A última edição da revista Piauí traz o polêmico ensaio de Martim Vasques da Cunha, doutor em ética e filosofia política pela USP, em que ele relembra sua peregrinação pela via dolorosa da direita brasileira desde sua descoberta da contracultura liberal-conservadora nos anos 90 até o choque de realidade com a corrupção intelectual promovida pela boçalidade e o totalitarismo neointegralistas.

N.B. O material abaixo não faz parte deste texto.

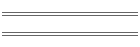 Fav Links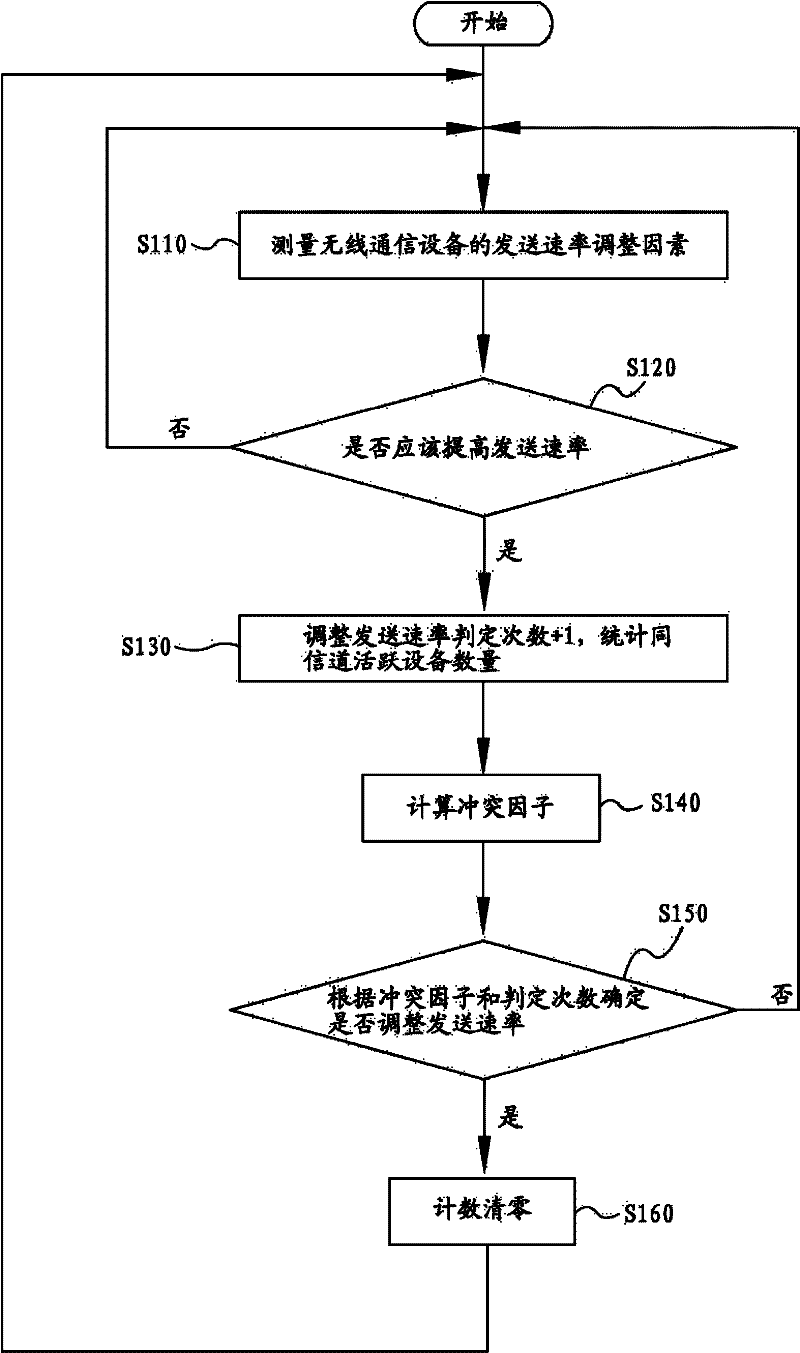 Transmitting speed adjusting method in wireless local area network and device using same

Martim revela que foi puxado para a margem direita do rio ao nadar contra a correnteza do niilismo, o mal da intelligentsia que se recusa a aceitar a dimensão metafísica da existência. A debilidade epistemológica que inviabiliza o progressismo cria naturalmente um “laço de equivalência negativa” entre diversos agentes políticos de diversas matrizes como liberal, conservadora, tradicionalista e nacionalista. É o terreno fértil para a “rebelião das massas”, uma união de forças distintas, a partir de uma frágil e instável demanda comum e sob a liderança de um líder populista.
O “duro acerto de contas” protagonizado pelo autor consigo mesmo poderia servir de exemplo à esquerda brasileira, supostamente incomodada com a ascensão do bolsonarismo, mas intolerante e vingativa em relação a qualquer um que possa, algum dia, ter apoiado um de seus desafetos. A falta de empatia e tolerância com adversários é, na verdade, uma postura arrogante, esnobe e alienadas em relação ao eleitor médio e seus humores, o que se reflete na cobrança histérica e cínica de pedidos de desculpas imerecidos.
Aos fatos: a esquerda vocifera contra a Lava Jato e seus supostos “exageros”, mas parece ter esquecido de sua contribuição para o clima de pega pra capar da política nos anos 90 com procuradores como Luiz Francisco Fernandes de Souza e sua fúria inquisitória e partidária contra FHC e Eduardo Jorge, com o beneplácito entusiasmado da imprensa. Sem Luiz Francisco haveria Deltan Dallagnol? José Dirceu berrava que o PT encarnava a “ética na política” e que “não rouba nem deixa roubar”. O resto é história.
Há evidentemente um clima tóxico para o debate político no país hoje, mas ele começou em 2018 ou com a Lava Jato? Qualquer analista honesto sabe que a demonização dos adversários, tão antiga quanto a própria política, foi também incensada por petistas e seus acólitos que tratavam todos que não aderiam a seu projeto de poder como fascistas. Banalizar o termo, uma dura descoberta para muitos, é o passe livre para que quem merece o epíteto tenha liberdade de desaparecer na multidão, já que se todo mundo é fascista, ninguém é.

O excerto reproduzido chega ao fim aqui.